Work instruction: Return each line exactly, from the one that has "蘇煥智的律師事務所因替涉嫌詐騙的太陽能公司寄存證信函,遭質疑是門神。" through the end of the entries, both ends included. Pictures do not belong.

***** Source material *****

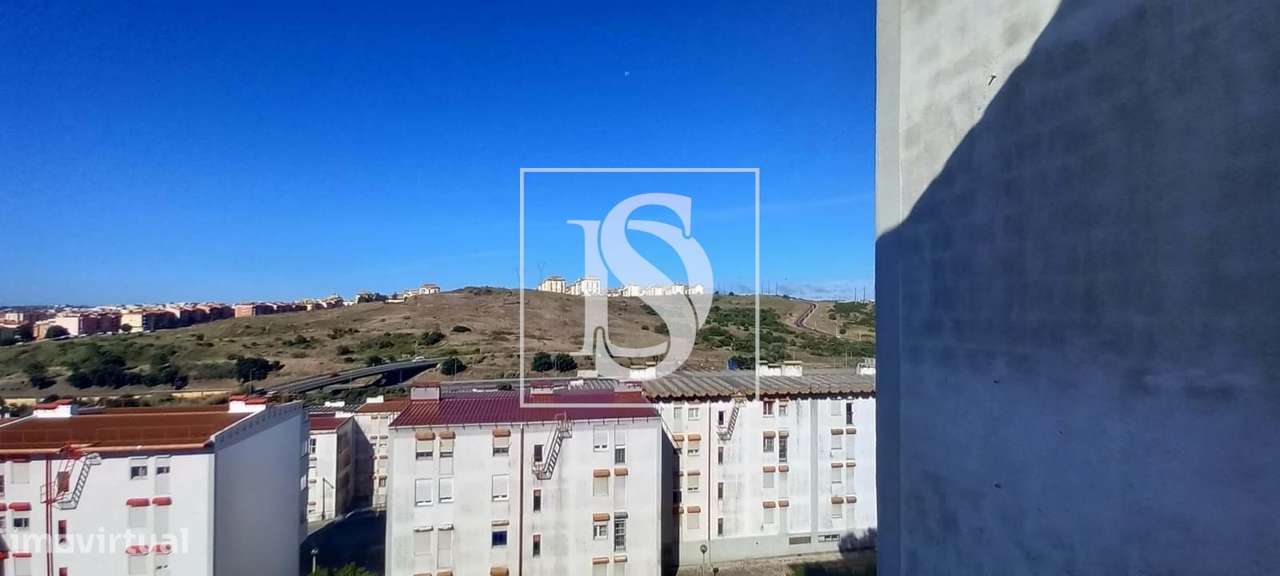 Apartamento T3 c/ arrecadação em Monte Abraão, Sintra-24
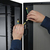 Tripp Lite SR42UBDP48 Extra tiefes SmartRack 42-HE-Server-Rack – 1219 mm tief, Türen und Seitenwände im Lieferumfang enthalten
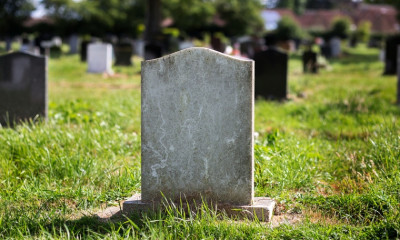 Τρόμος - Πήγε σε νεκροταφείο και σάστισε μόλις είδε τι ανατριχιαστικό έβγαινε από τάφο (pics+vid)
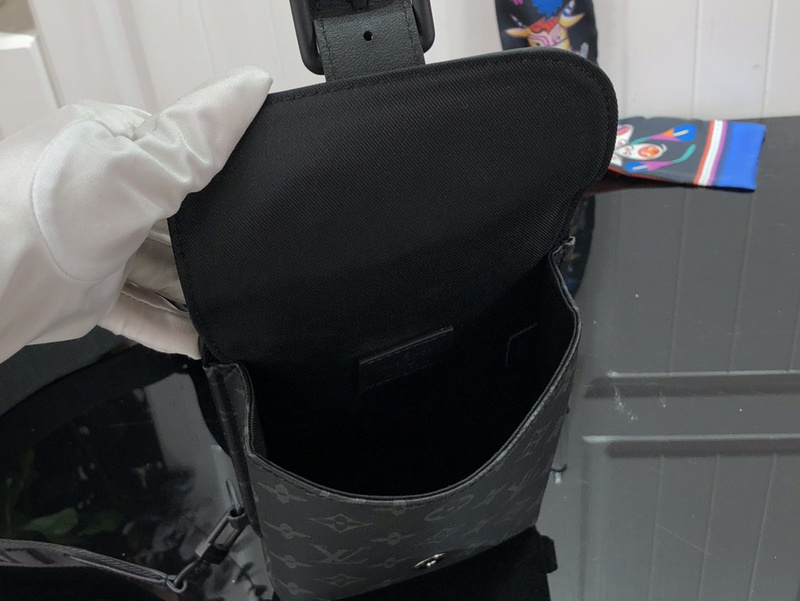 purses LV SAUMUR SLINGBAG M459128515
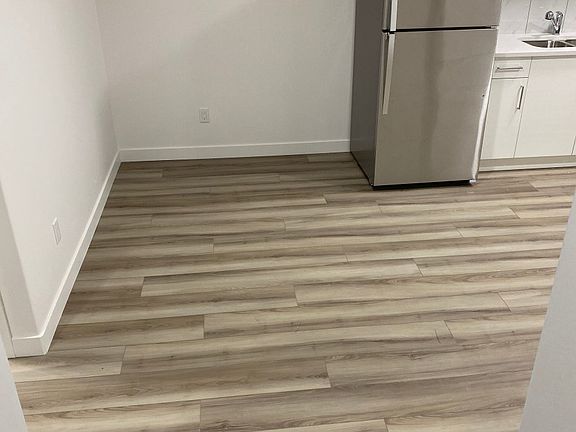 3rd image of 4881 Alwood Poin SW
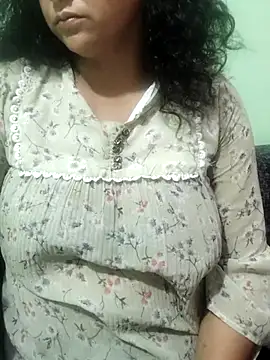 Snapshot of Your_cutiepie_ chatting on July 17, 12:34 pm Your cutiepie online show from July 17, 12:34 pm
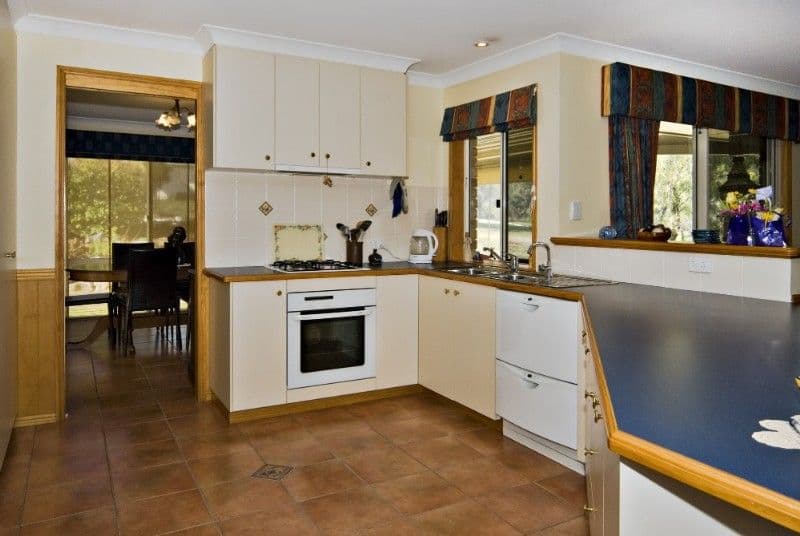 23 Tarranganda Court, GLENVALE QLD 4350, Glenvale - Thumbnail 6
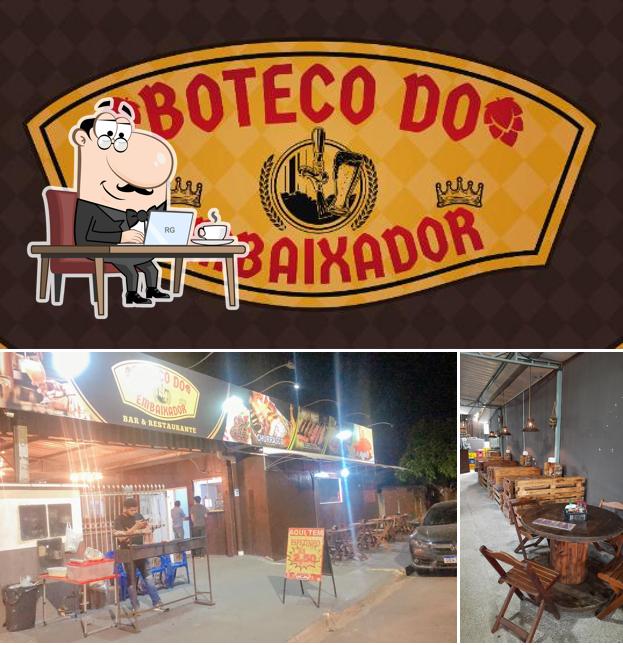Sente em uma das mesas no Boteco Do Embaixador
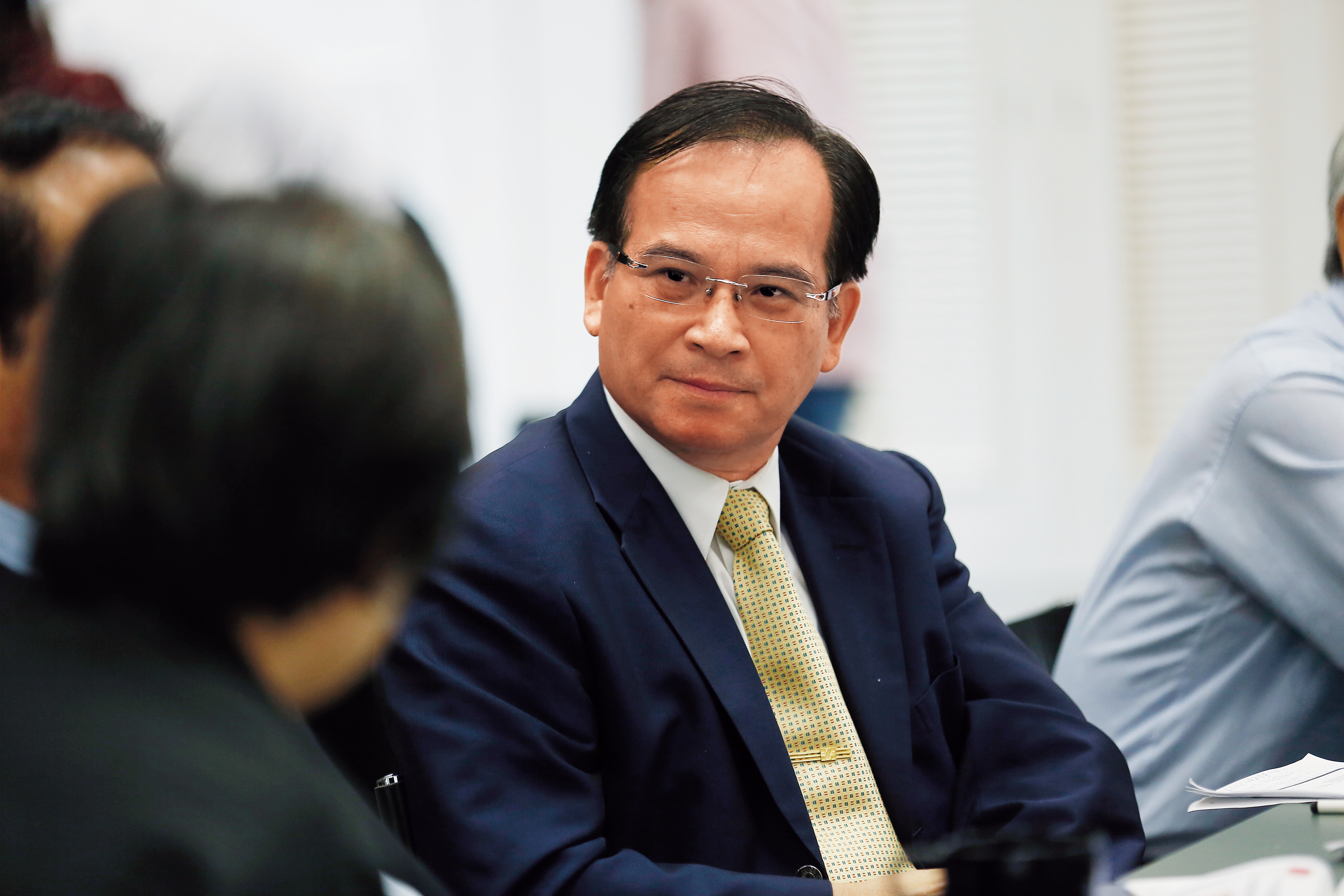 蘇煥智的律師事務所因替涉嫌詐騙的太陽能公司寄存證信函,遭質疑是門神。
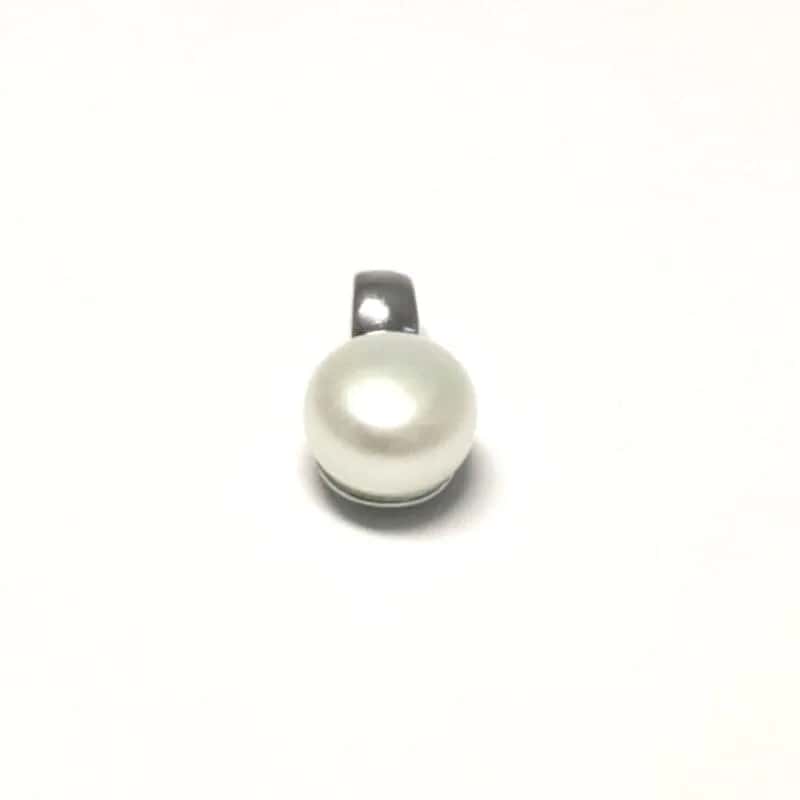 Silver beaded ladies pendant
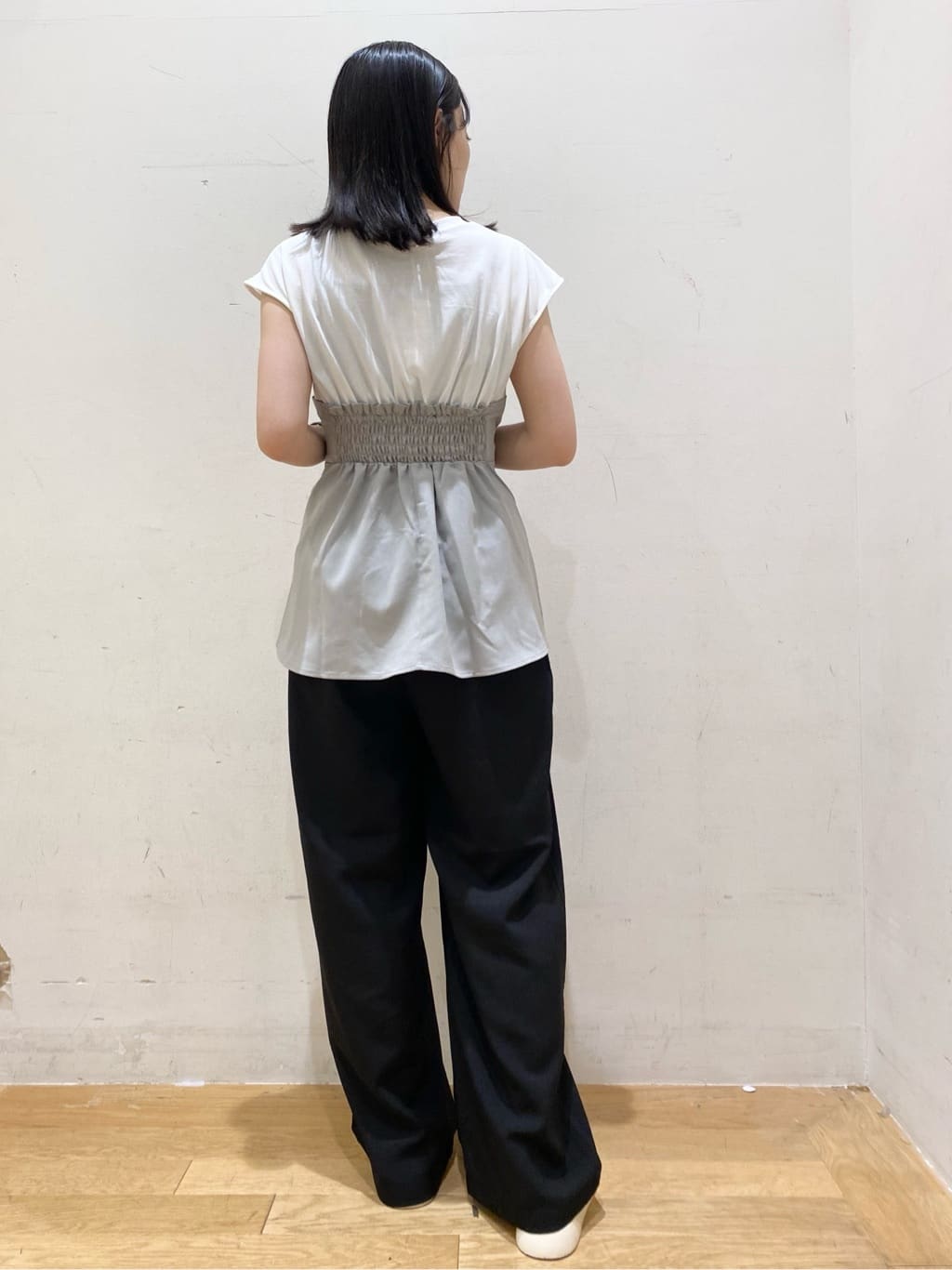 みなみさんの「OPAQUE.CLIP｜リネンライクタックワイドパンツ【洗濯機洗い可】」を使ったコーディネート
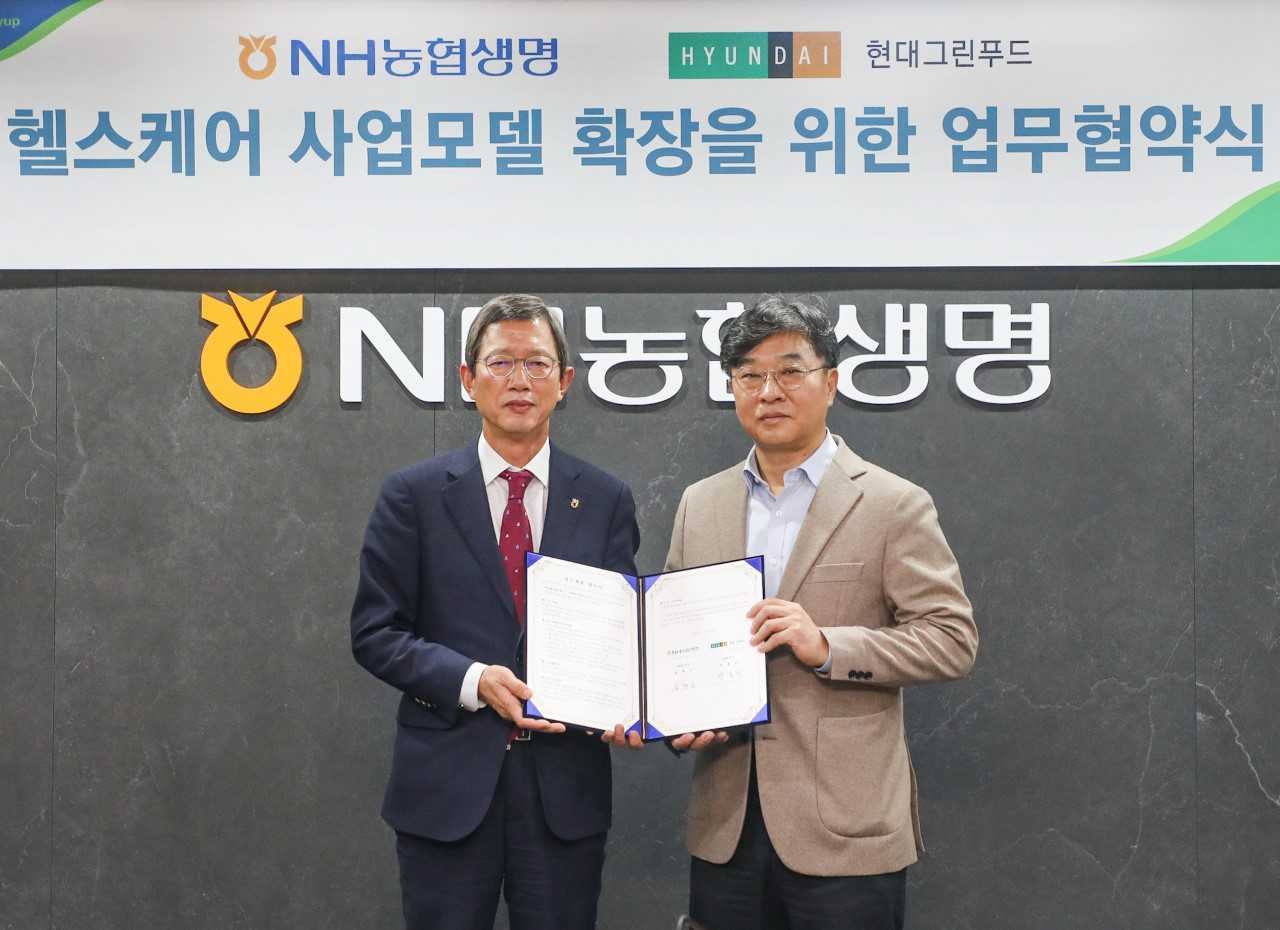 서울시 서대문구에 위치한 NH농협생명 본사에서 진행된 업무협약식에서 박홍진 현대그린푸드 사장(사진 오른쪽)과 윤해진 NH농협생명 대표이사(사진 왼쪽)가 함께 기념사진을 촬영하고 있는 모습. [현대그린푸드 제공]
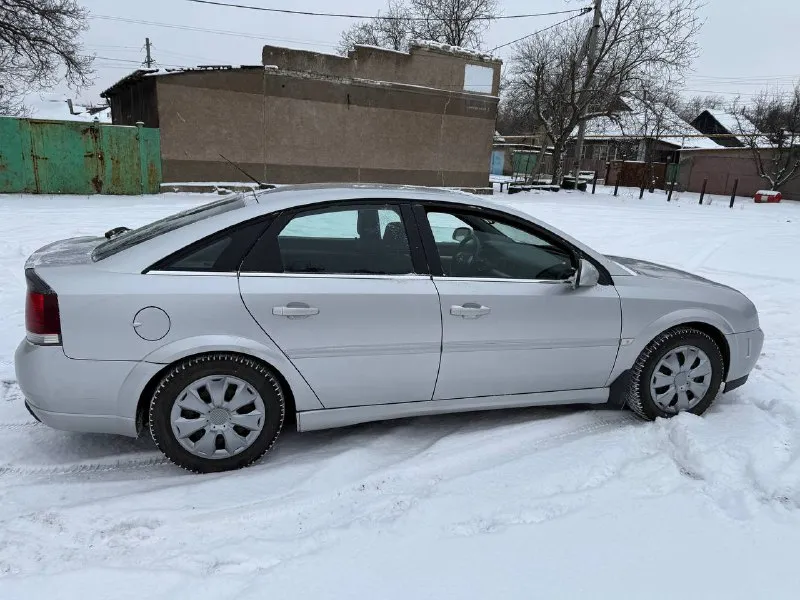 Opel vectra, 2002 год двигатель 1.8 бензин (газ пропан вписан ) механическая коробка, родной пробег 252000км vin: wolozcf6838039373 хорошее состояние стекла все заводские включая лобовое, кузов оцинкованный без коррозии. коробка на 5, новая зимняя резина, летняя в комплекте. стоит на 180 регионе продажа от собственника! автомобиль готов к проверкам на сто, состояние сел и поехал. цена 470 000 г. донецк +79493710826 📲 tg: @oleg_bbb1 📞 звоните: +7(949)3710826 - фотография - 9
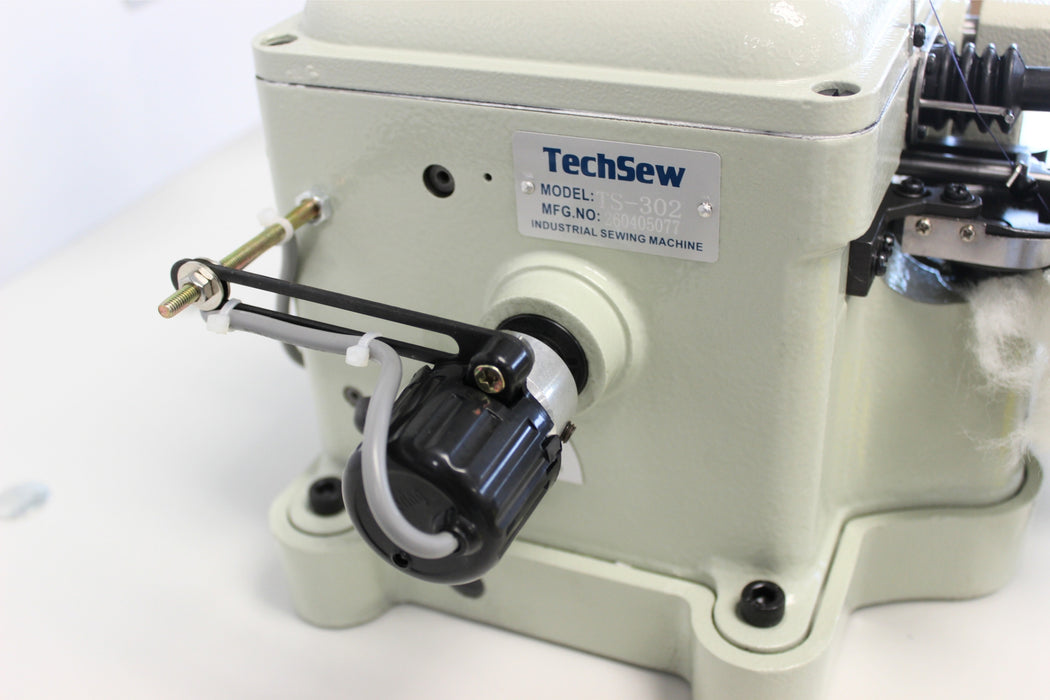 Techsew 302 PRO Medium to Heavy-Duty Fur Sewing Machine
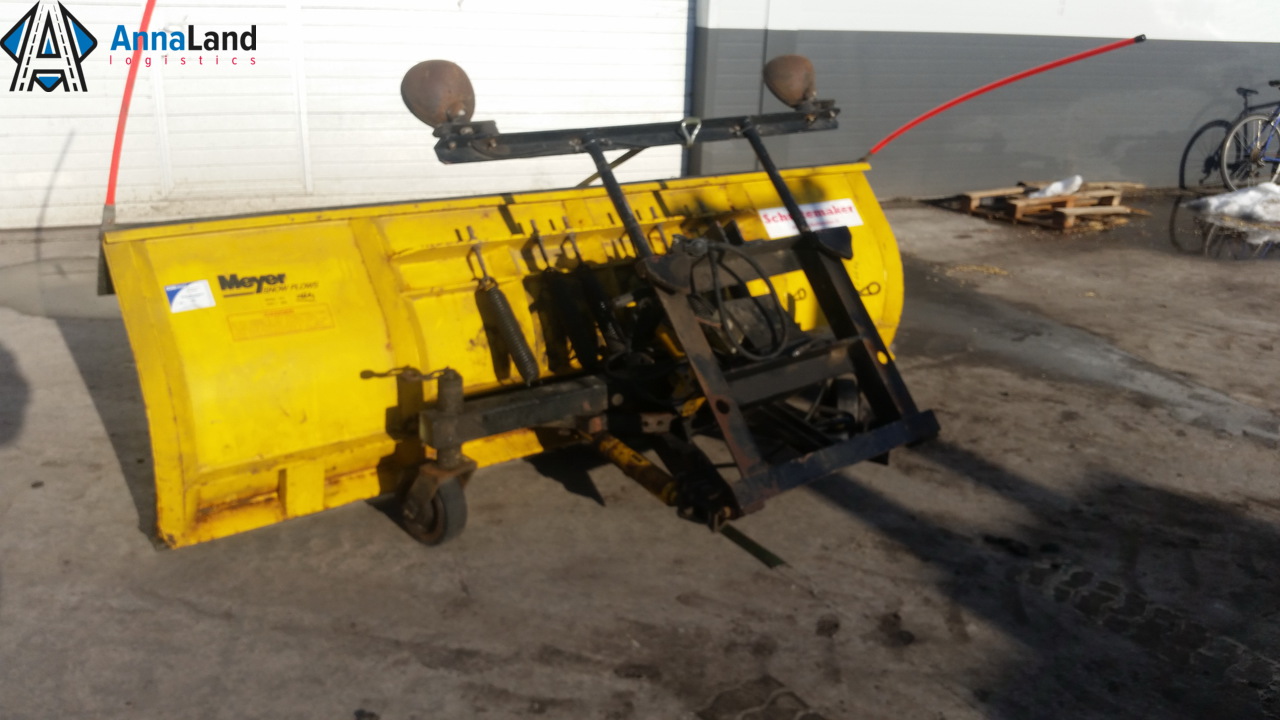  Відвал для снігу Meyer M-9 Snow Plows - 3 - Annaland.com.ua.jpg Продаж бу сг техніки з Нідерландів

*****

Solved problem:
 蘇煥智的律師事務所因替涉嫌詐騙的太陽能公司寄存證信函,遭質疑是門神。
 Silver beaded ladies pendant
 みなみさんの「OPAQUE.CLIP｜リネンライクタックワイドパンツ【洗濯機洗い可】」を使ったコーディネート
 서울시 서대문구에 위치한 NH농협생명 본사에서 진행된 업무협약식에서 박홍진 현대그린푸드 사장(사진 오른쪽)과 윤해진 NH농협생명 대표이사(사진 왼쪽)가 함께 기념사진을 촬영하고 있는 모습. [현대그린푸드 제공]
 Opel vectra, 2002 год двигатель 1.8 бензин (газ пропан вписан ) механическая коробка, родной пробег 252000км vin: wolozcf6838039373 хорошее состояние стекла все заводские включая лобовое, кузов оцинкованный без коррозии. коробка на 5, новая зимняя резина, летняя в комплекте. стоит на 180 регионе продажа от собственника! автомобиль готов к проверкам на сто, состояние сел и поехал. цена 470 000 г. донецк +79493710826 📲 tg: @oleg_bbb1 📞 звоните: +7(949)3710826 - фотография - 9
 Techsew 302 PRO Medium to Heavy-Duty Fur Sewing Machine
  Відвал для снігу Meyer M-9 Snow Plows - 3 - Annaland.com.ua.jpg Продаж бу сг техніки з Нідерландів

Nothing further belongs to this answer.